The what, why, and how of securing storage and backup (PART 2)

Defining the Risks: Where Hackers Enter

In part 1 of this series, we discussed securing storage and backup infrastructure. Here we analyze the risk, show how storage attacks can happen, and discuss the lagging industry maturity. Most organizations do not do enough to secure their storage.

Your organization’s data is a lucrative target for hackers. Whether cybercriminals exfiltrate sensitive information, demand a ransom, or commit fraud, a successful attack could do irreparable damage.

“You have to remind your board, that it can take 20 years to build a strong reputation in your industry. It can take five minutes of a cybersecurity event – and enough press – to tear it all down.”
Endré Jarraux Walls – CISO

Unlike traditional data-centered attacks that target endpoints and servers, modern attacks focus on storage and backup infrastructure—which many organizations do not secure—to get to core data.

A successful compromise at those levels enables attackers to wreak havoc “under the radar” of detection by any of your security measures or monitoring systems. Here are the risks of such attacks:

  • Criminal hackers duplicate sensitive environments (e.g., Active Directory, protected databases, your source code repositories), investigate them for weaknesses, and do reconnaissance. They do it with stealth, leaving no Indicators of Compromise.
  • Cybercriminals destroy your data and its backup copies to prevent recovery.
  • Attackers commit fraud by manipulating the storage plane without compromising operating systems or database servers, leaving no trace.
  • The ability to bypass the software supply chain (internal or external)
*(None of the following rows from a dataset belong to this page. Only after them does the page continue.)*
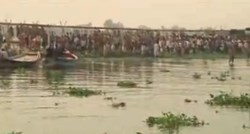 Deseci nestalih u potonuću trajekta u Bangladešu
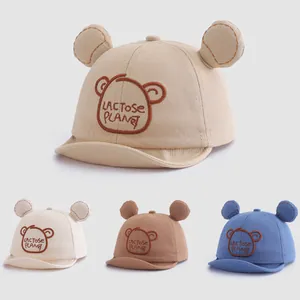 Simpatico Cappellino da Baseball per Neonati Con Tesa Morbida e Orecchie da Orso 3D Lettere Ricamate Protezione Solare per Bambini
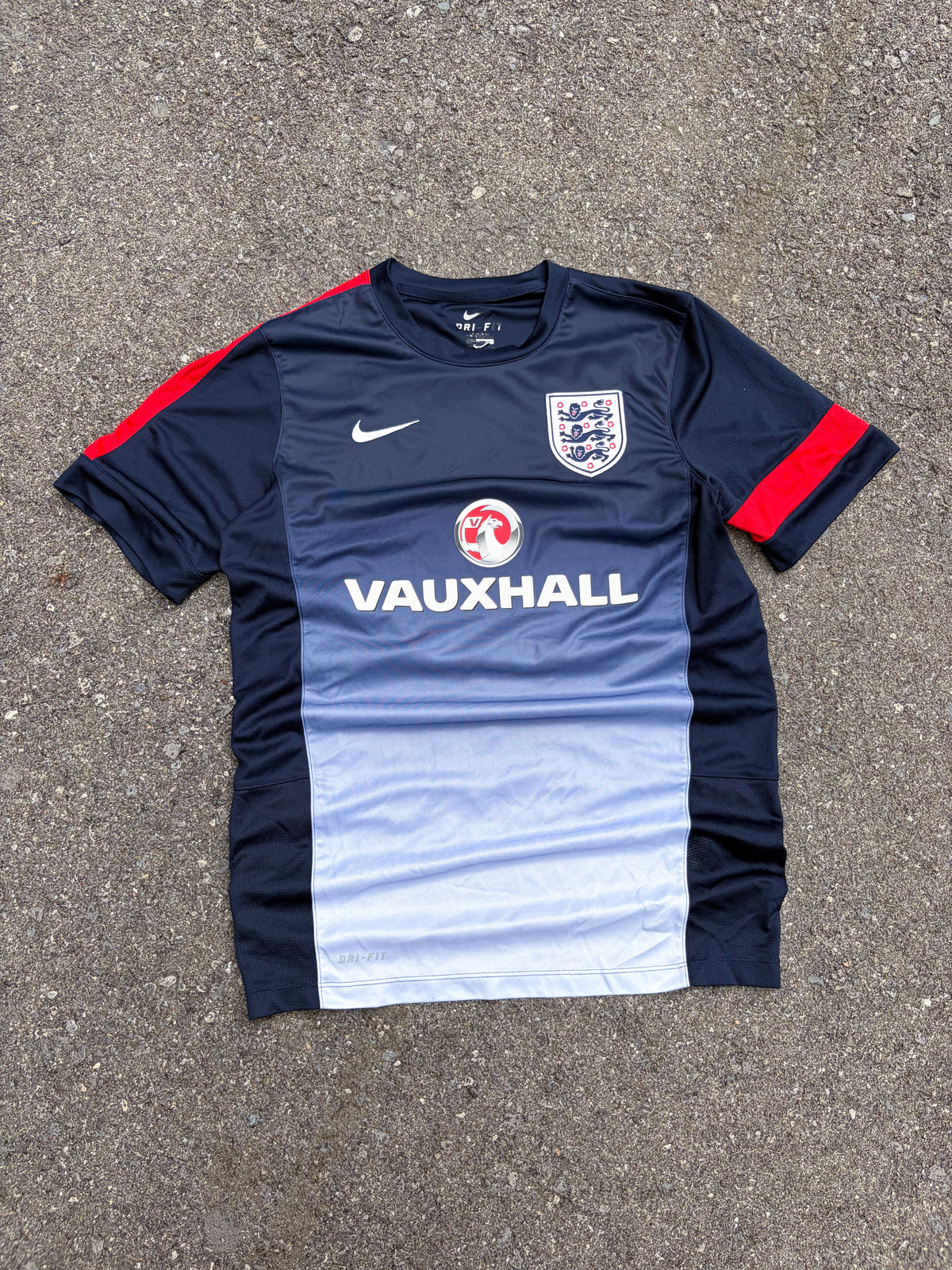 2013-14 England FC Nike Training Three Lion Crest Soccer Jersey Size Medium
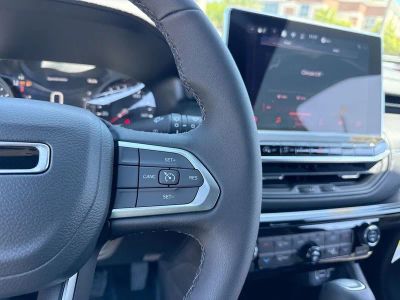 2026 Jeep Compass — photo 14 view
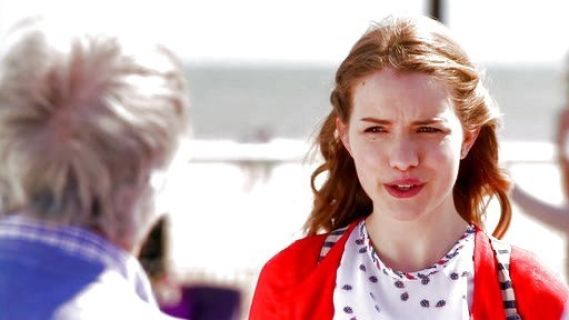 Emma's Collection featherweight cashmere cardigan on Royal Pains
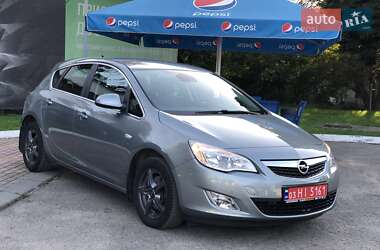 Хэтчбек Opel Astra 2011 в 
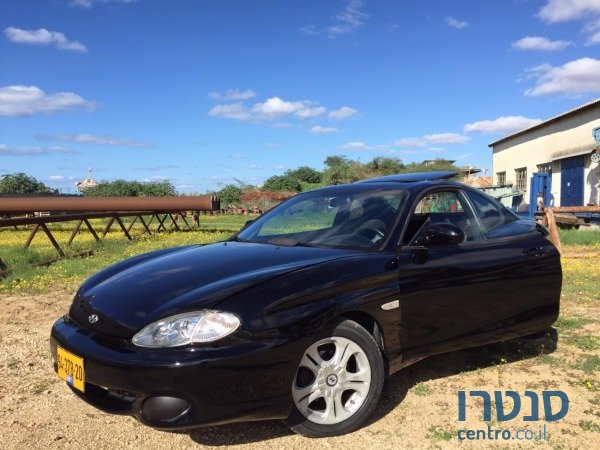 1998' Hyundai Coupe photo #2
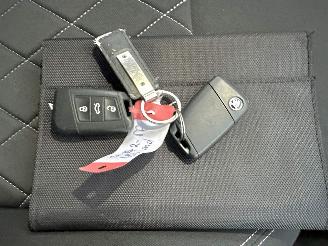 Skoda Karoq 1.5 TSI ACT 150pk 7-Traps aut + F1 Sportline Bus - navi - camera - keyless - virtual - stuurverw - sfeerverl - kuipstoelen picture 23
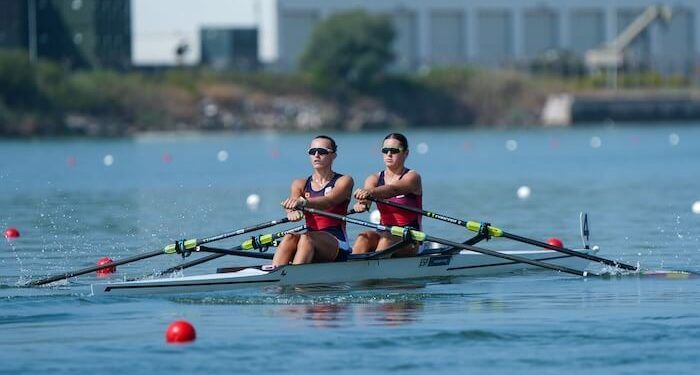 Aina Arteman y Lidia Florido se quedaron a las puertas del podio en doble scull en Taranto 2026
A new research report on the state of storage security (due out in July) paints a grim picture: the average storage device or service (e.g., a storage array, a Fiber Channel Switch, or Virtual SAN) has 15 security misconfigurations, with at least 3 that are highly to critically severe. The report outlines the two most prevalent issues and the less common though risky ones.

Your Attack Surface

The storage attack surface is broader and deeper than most organizations suspect. It is tempting to think that you could solve your storage security concerns by patching clients (Host Operating Systems) and making sure there’s a backup solution in place. This thinking is misguided. Criminal hackers breach storage infrastructure in many exotic ways:

  • They do it via protocols that clients and storage devices use.
  • They do it through management consoles.
  • Attackers leverage local admin APIs or the control endpoints that each device provides (which organizations often have not hardened)
  • They ravage weak storage security hygiene:
    • Not closing default device accounts; using local accounts instead of centrally managed ones
    • Not restricting access to sensitive data (you should enforce such restrictions end-to-end—at the storage device, on the network, and at the client level, using strong authentication)
    • Not securing admin sessions
    • Poorly configured (or overlooked) encryption
    • And so much more

NIST’s Special Publication (SP) 800-209 “Security Guidelines for Storage Infrastructure” is a great place to learn more about storage security.

Here are a few examples of how criminal hackers exploit poorly secured storage and backup environments:

  • They discover a Domain Controller or DNS server IP address through a weakness in your environment. If you have not hardened your storage, attackers can abuse your APIs (or hijack insecure admin sessions, exploit unpatched storage CVEs) to find out what storage objects (e.g., LUNs, Shares) those services use. They can leverage the APIs to create copies, mount them on unmonitored development servers, or smuggle them out via OneDrive, public S3 buckets, or similar tools.
  • They discover how you backup your data and—if you have not segregated your administration planes—destroy the backups (e.g., array-based snapshots, disk, and tape copies). Then they encrypt your data for ransom.
  • Even if you secured your backups, without enough isolation of duties, cybercriminals can “poison” any future backup (e.g., change the backup job, remap the LUNs in your backups).
  • Criminal hackers map volumes that critical servers use (for source code, databases, build environments) to other compromised servers. Then they read or alter the content (e.g., financial data, personal information) “out of band,” leaving no evidence.
  • They can “kill” an entire storage array (including its snapshots), crippling hundreds of servers for days.

Now’s the time to evaluate your storage security IQ, processes, and controls.